ReasonScape Implementation: The Python Codebase

Prerequisites: Before reading this document, familiarize yourself with: - architecture.md - The five-stage methodology this codebase implements

Overview

This document describes the Python implementation that brings the ReasonScape methodology to life.
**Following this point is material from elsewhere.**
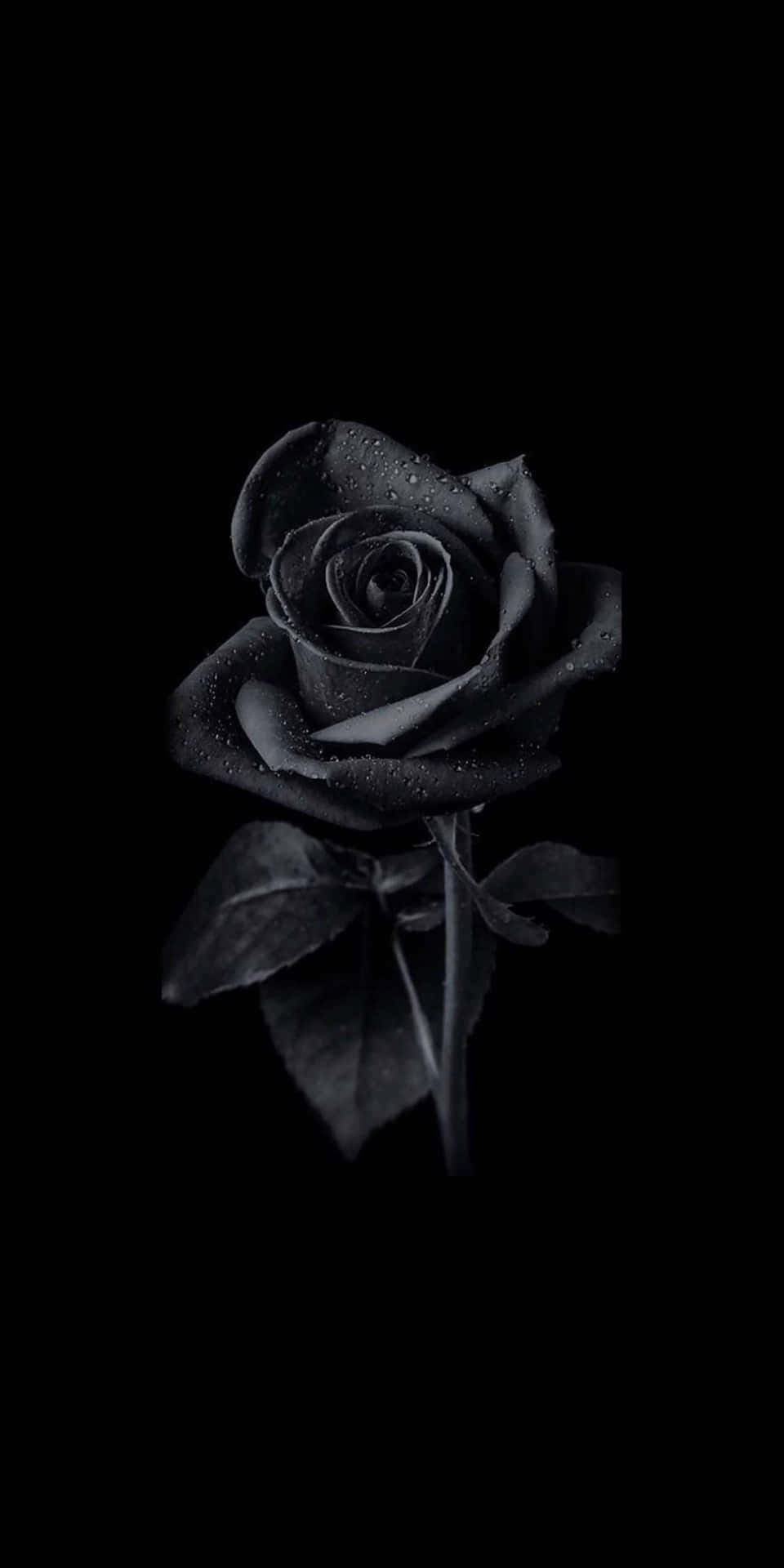 Captivating Beauty Of A Black Rose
The codebase is organized around the five-stage architecture, with each stage implemented by specific tools and systems.

Stage 1 Implementation: Definition

Purpose: Parametric test generation with coordinate-based seeding

Core Components

Test Generators (tasks/)

  • 12 reasoning domain implementations (arithmetic, logic, planning, etc.)
  • Pydantic schemas for parameter validation
  • Deterministic coordinate-based generation
  • See tasks.md for complete task list and task API reference

Manifold Configurations (configs/*.yaml)

  • Tier definitions (easy/medium/hard/ultra)
  • Surface definitions (2D difficulty slices)
  • Projection definitions (1D difficulty sweeps)
  • Precision settings (sample counts per point)
  • See config.md for complete configuration reference

Configuration System (resolver.py)

  • Validates manifold definitions
  • Expands (degree, density) into concrete sampling grids

Key Algorithms

Coordinate-Based Seeding:

# From runner.py
seed_params = {k: v for k, v in params.items() if k != 'count'}
param_hash = hashlib.sha256(json.dumps(seed_params, sort_keys=True).encode()).hexdigest()
base_seed = int(param_hash[-8:], 16)
generator.rng = random.Random(global_seed + base_seed)

Properties:

  • Same coordinates → identical test sequences
  • Hierarchical sampling (count=32 ⊂ count=128)
  • Reproducible yet infinite test space

For detailed algorithms and parameter types, see: Technical Details: Parametric Test Generation


Stage 2 Implementation: Execution

Purpose: Efficient inference at scale with caching and adaptive sampling

Core Components

Execution Orchestrator (runner.py)

  • Manages inference workflow
  • Response caching (SHA-256 based)
  • Hierarchical sampling coordination
  • Truncation detection and handling

Chat Templates (templates/*.json)

  • Model-specific prompt formatting
  • Zero-shot CoT, few-shot, direct answer formats
  • System message configuration

Sampling Configurations (samplers/*.json)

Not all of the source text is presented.